▶

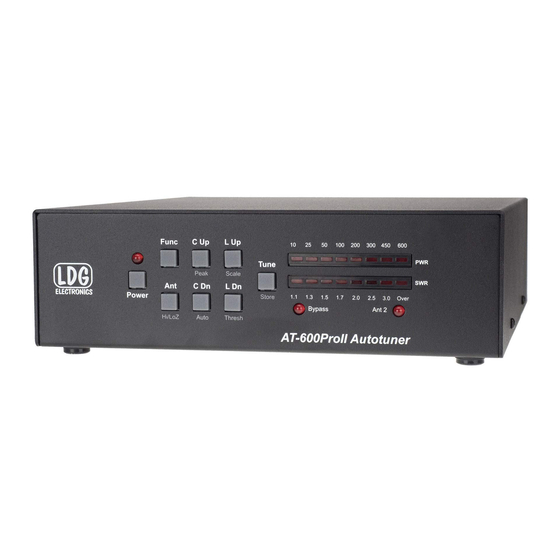 LDG AT-600ProII Automatic Antenna Tuner Manuals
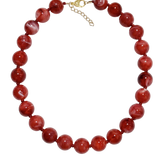 Poppy beaded necklace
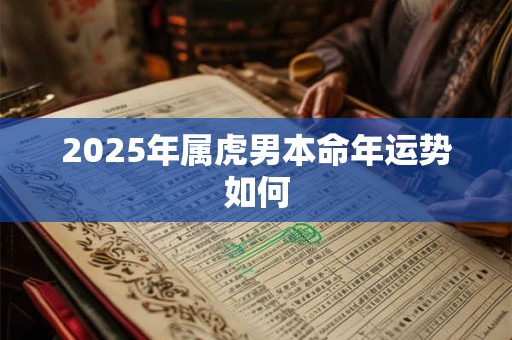 2025年属虎男本命年运势如何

◀

▶ [Problem to solve] Your task is to set down each line above verbatim while excluding the pictures.

▶ [Task response]
 LDG AT-600ProII Automatic Antenna Tuner Manuals
 Poppy beaded necklace
 2025年属虎男本命年运势如何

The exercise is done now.